A photo essay at the BBC about Polish night bakers reminds me again how much I like chleb - rye bread - and other Polish food. And reminds me to write about it again. When folks came over the other day to test drive a couple of weisse beers that will show up at the LCBO next spring, there was Krakovska or Lwowska or some other urban-named kiełbasa from the place that has the good stuff. Unlike lamer more westerly sausage bound in some odd pasticity of plasticity, you get real gut as bung and an inside that is neither dried out or ground fine. Chunks of pig flesh, all garlicked and peppered. There is now a bar in Vancouver that only sells cold cuts and cheese, thus avoiding the need of a full kitchen. In my tavern in Valhalla, all the cold cuts are Polish even if the salamagundy, mustard pickles and million-dollar relish are Nova Scotian. The best I ever had was the grannie made smoked hams bought at the Kołobrjeg farmers' market on the day the Inuit Siberians were there with white fox pelts for a couple for bucks each.
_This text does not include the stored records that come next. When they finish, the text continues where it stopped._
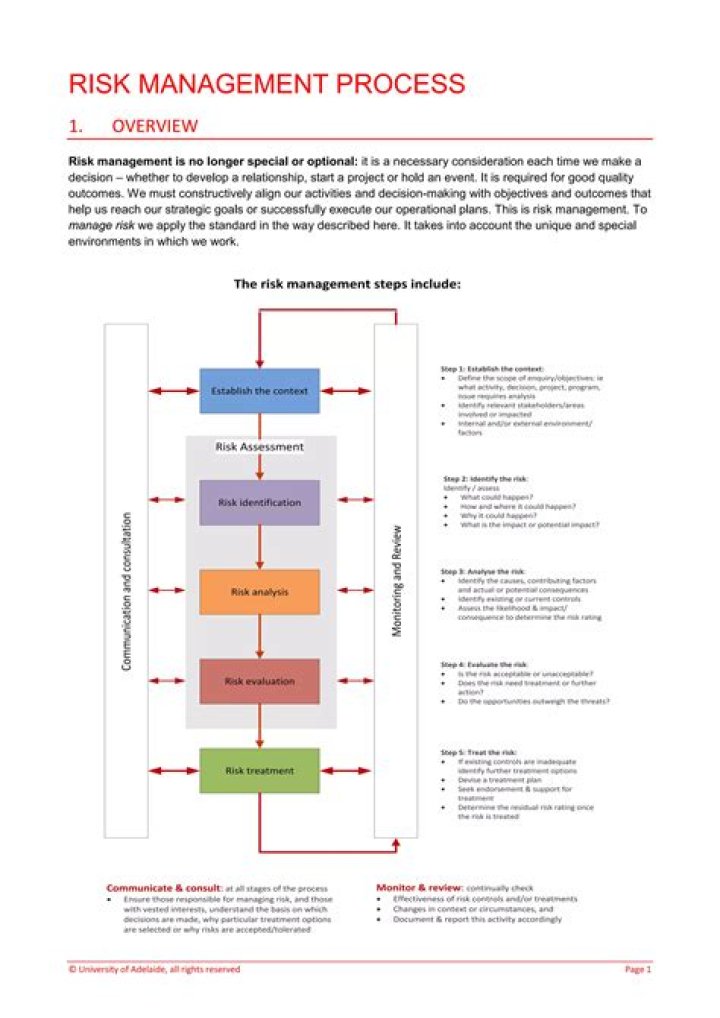 Mastering Auditing Risk Management: Essential PDF Process Guide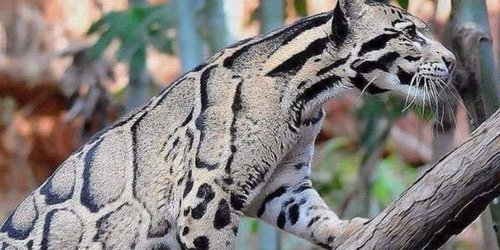 Esto si es de celebrar: reaparece leopardo nublado después de 30 años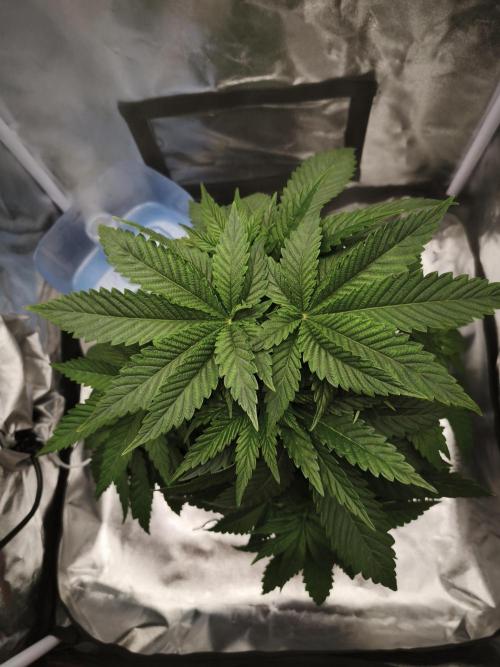 ROOTS 420 vol.2. Week 4
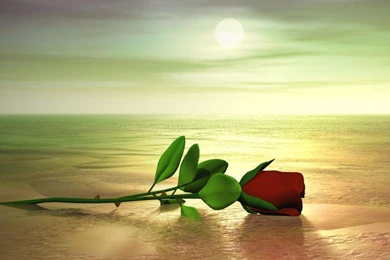 Nice Backgrounds Hd Wallpapers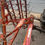 Thumbnail: Lely Tine Harrow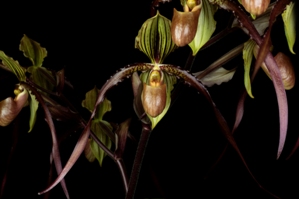 Paphiopedilum Shin-Yi Dragon Huntington's Pride AM/AOS 87 pts.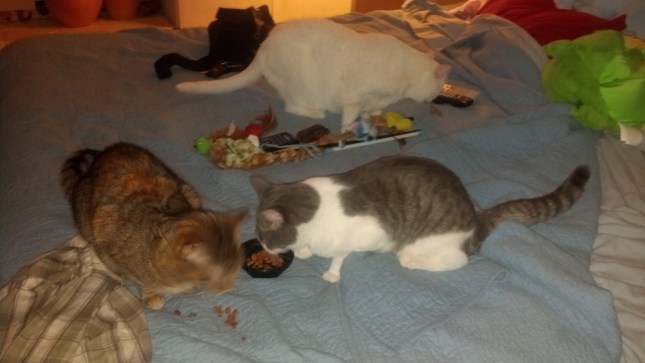 IMG_20130725_222158_352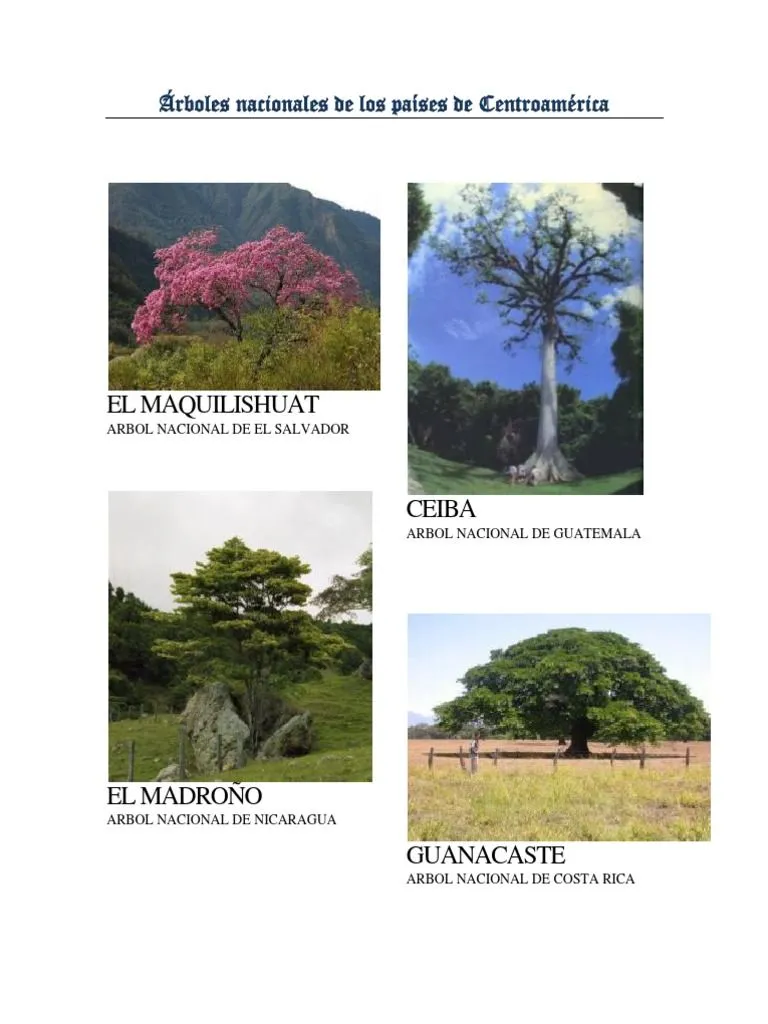 Árboles Nacionales de Los Países de Centroamérica | PDF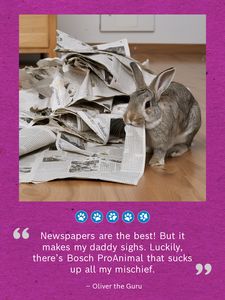 Rabbit-Vacuum-Chewed-Newspapers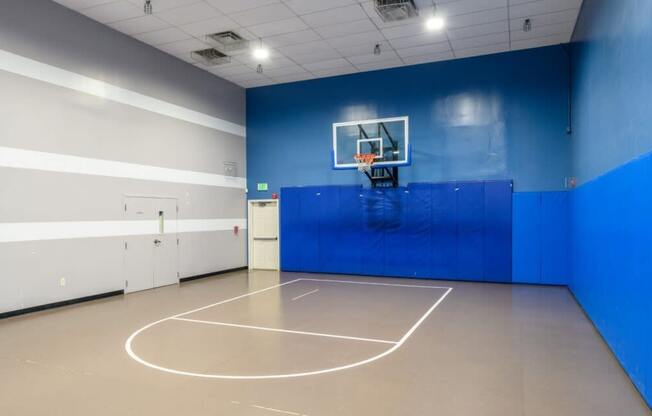 A basketball court with a hoop and a blue wall.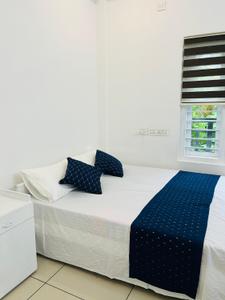 Bedroom Image of 600 Sq.ft 1 BHK Apartment / Flat for rent in Edappally Kochi for Rs. 20000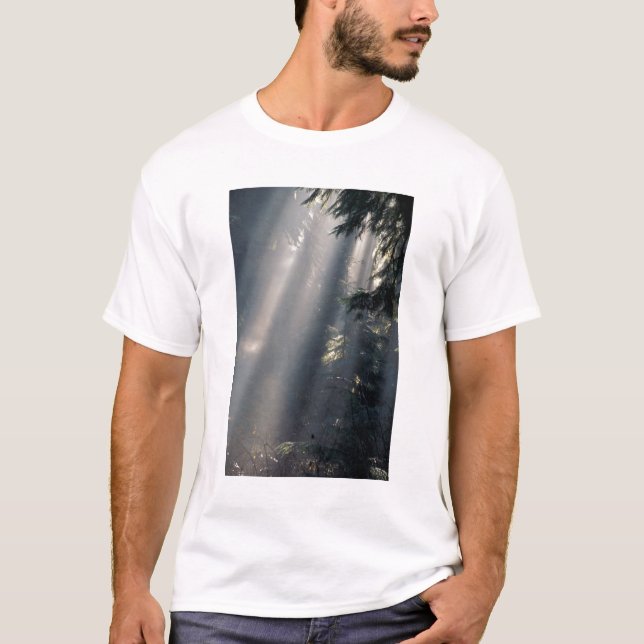 Camiseta Norteamérica, EE. UU., Washington, Parque Nacional (Anverso)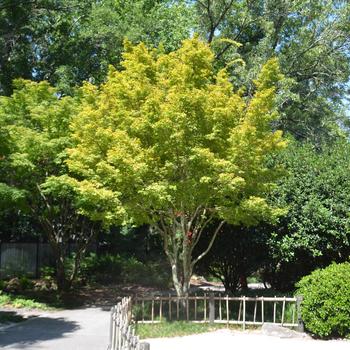 Acer palmatum 'Sango kaku' 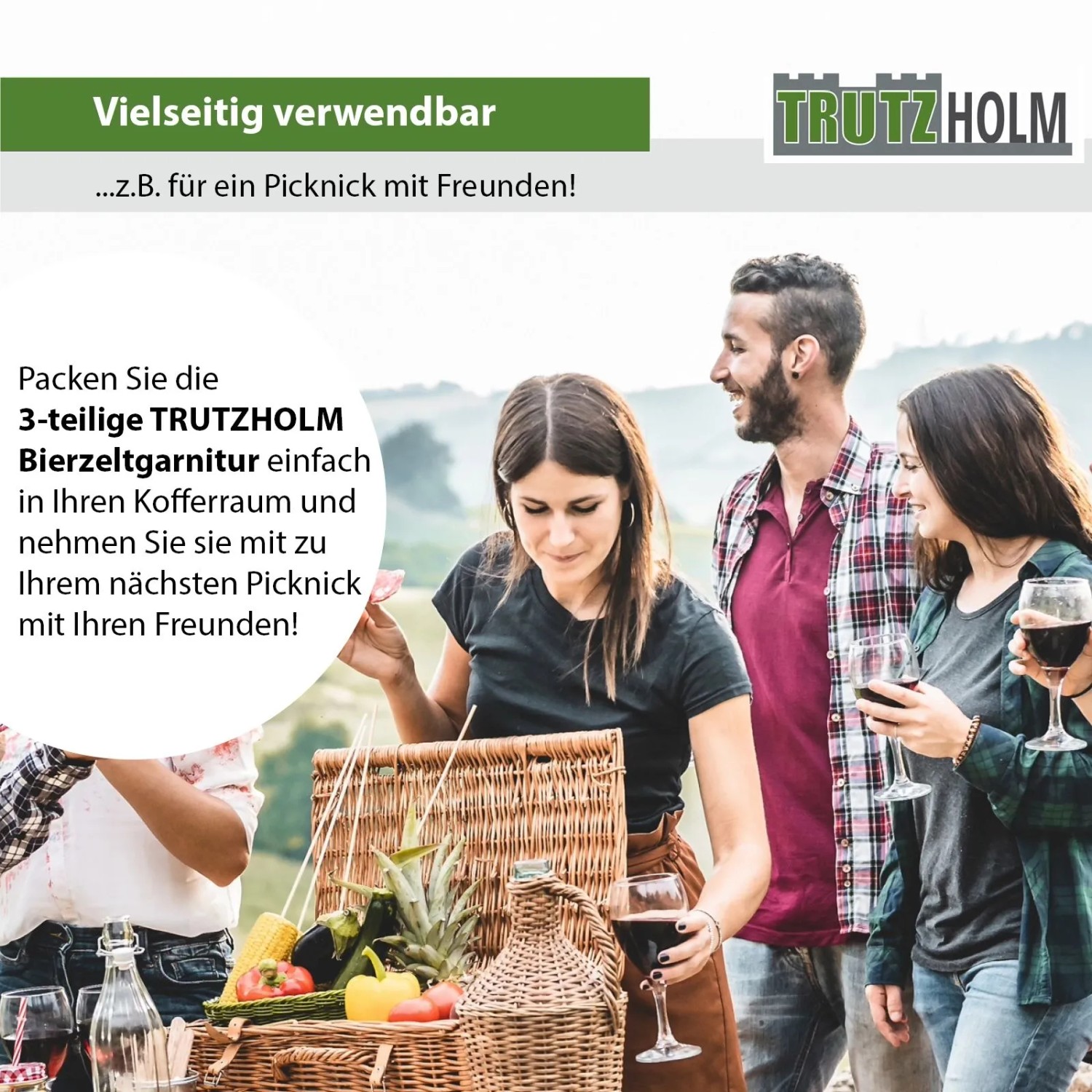 TRUTZHOLM Bierzeltgarnitur 3 Teilig Klappbar Länge 107cm Gartenmöbel Grau_6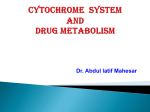 Cytochrome system and drug metabolism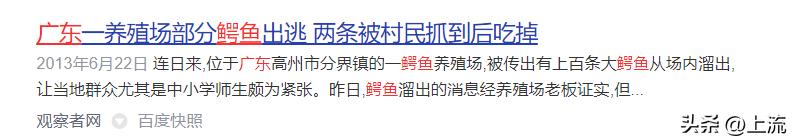 再“鳄”贯满盈的鳄鱼,也逃不出广东人的砂锅煲
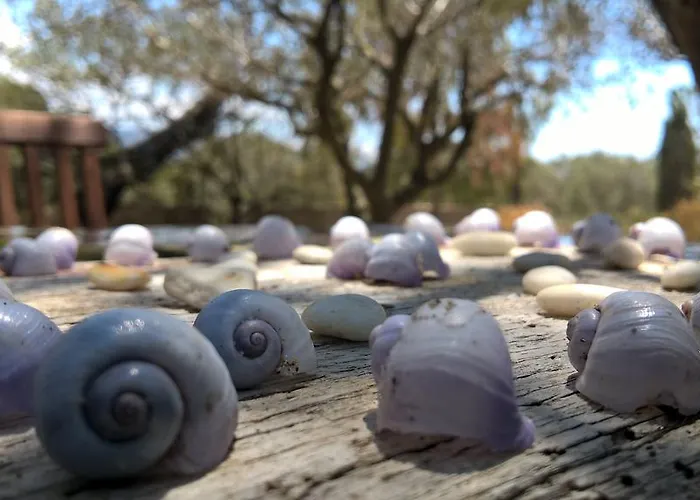 Landhaus Arcamyrtus *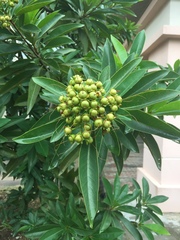 Xanthostemon chrysanthus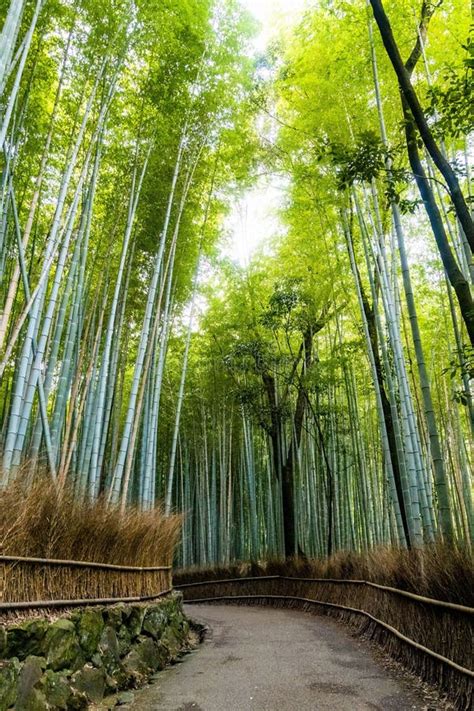 Atração Do Parque Turístico Florestal De Arashiyama Bamboo Imagem de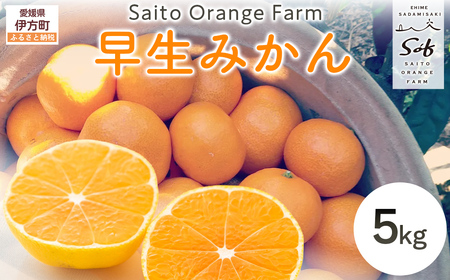 【先行予約】Saito Orange Farmの早生(わせ)みかん5kg （2026年11月以降順次発送） IKTAQ020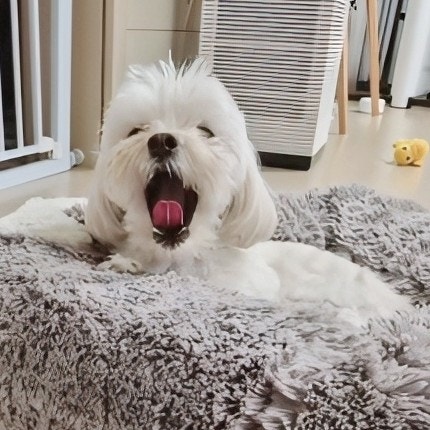  강아지 하품하는 행동 이유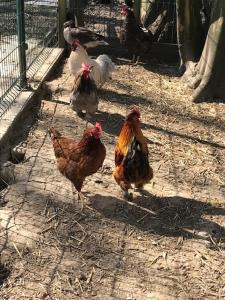 a group of chickens walking around in a pen at Les Cabanes de Warincthun in Audinghen +3 photos
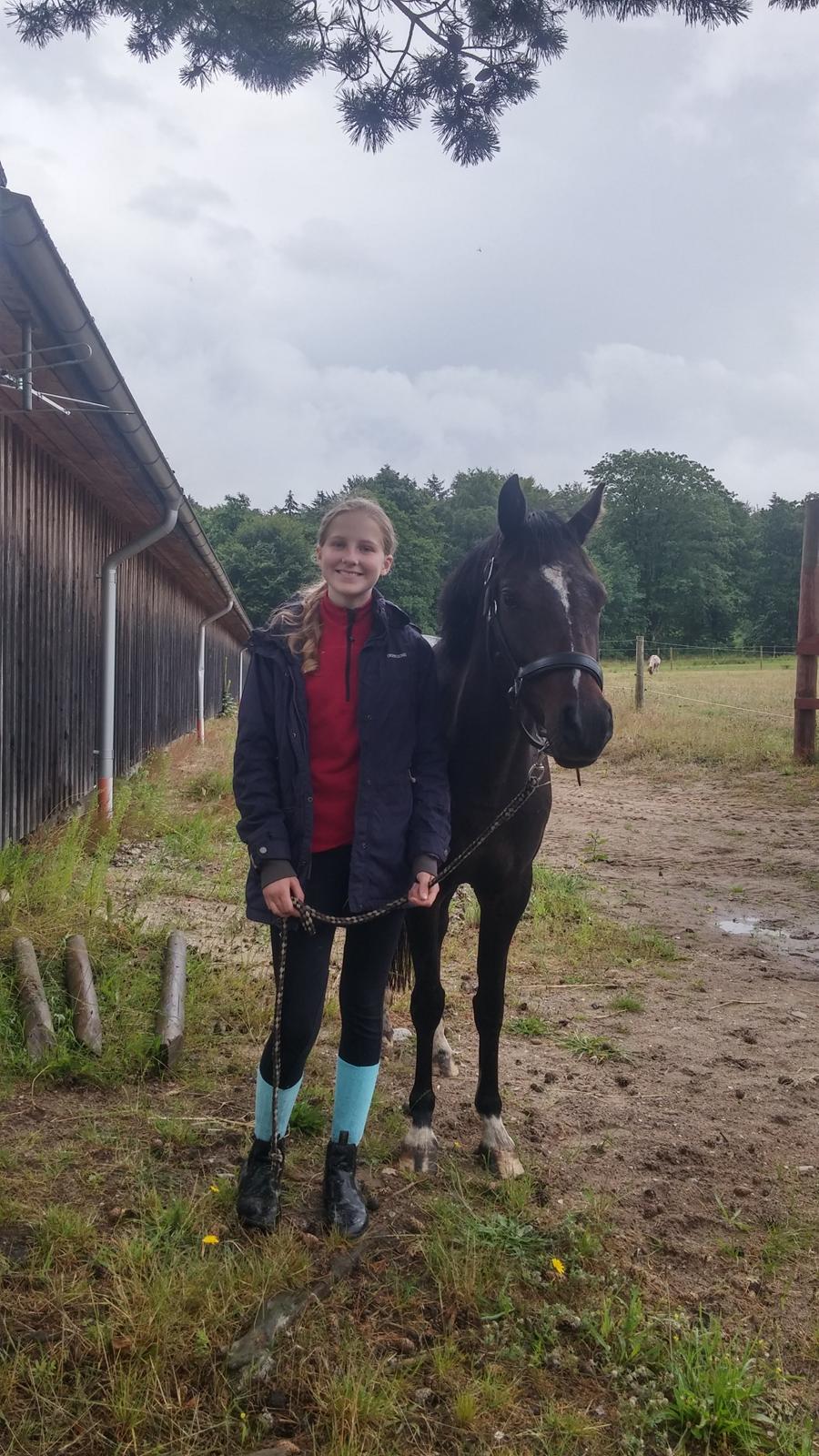 Tysk Sportspony AMK's Halo billede 17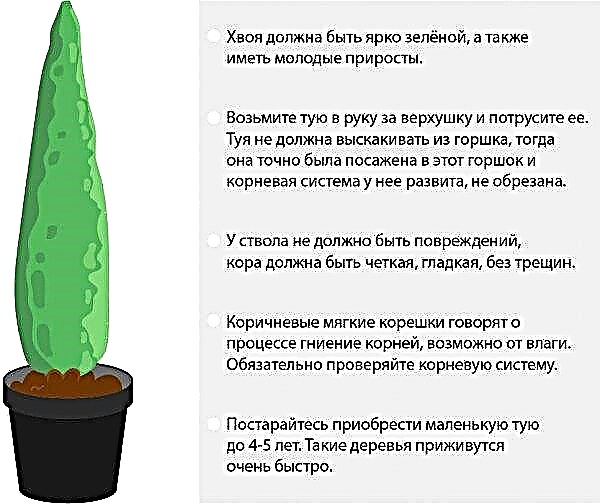 How to grow thuja: care and cultivation in the garden in the open ground, when it is better to plant in the country
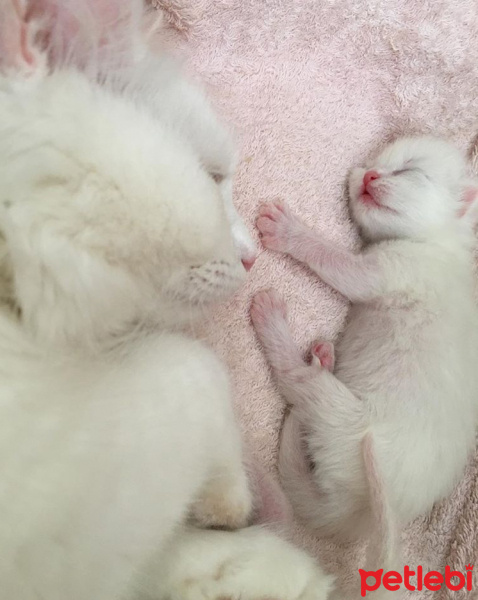 Ankara Kedisi, Kedi  Zin fotoğrafı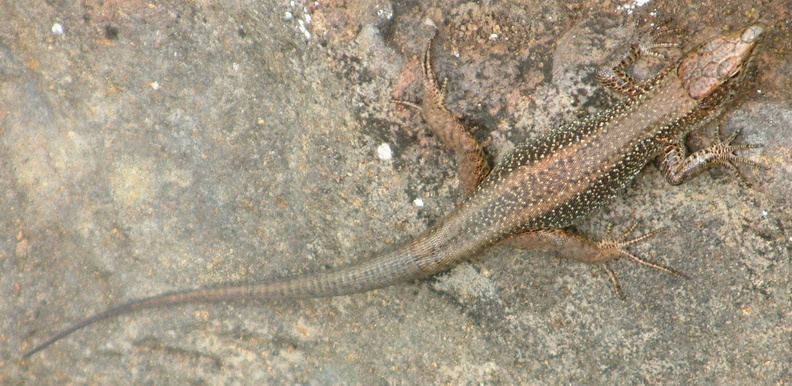 13-Lizard.jpg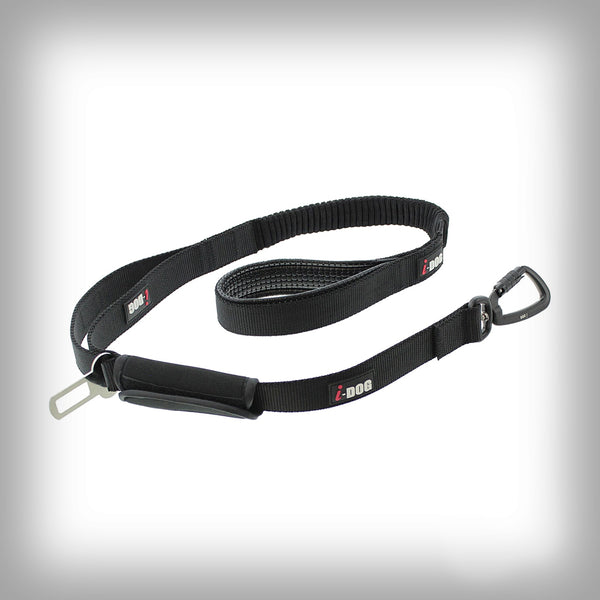 KURZLEINE FÜR AUTOGURT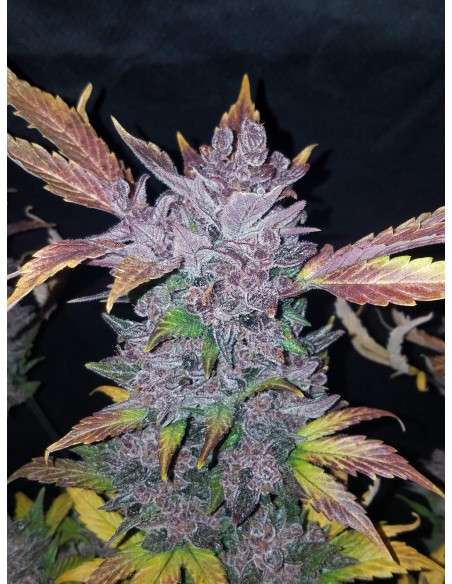 FASTBUDS - LSD-25 Auto - 2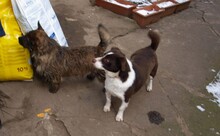 BURSUC, Hund, Mischlingshund in Rumänien - Bild 14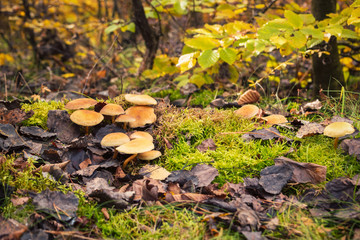 Naklejka na ściany i meble Autumn forest after rain with inedible mushrooms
Grannie sold the one pound hams, maybe two or three her week's production, on a small tea towel before her next to the pickled mushrooms, priced with as many twenties and thousands as possible: "dwadziescia dwa tysaic dwa sto, Pani?" They were just on the line between raw and not raw, passed beneath the shadow of no official's stoop, were sliced thin and eaten with beer back in the kitchen near the fire. Good piggie.

Comments
Sean Liddle - November 26, 2007 10:00 am
mm.. now Mister Breakfast Skipper me is hungry.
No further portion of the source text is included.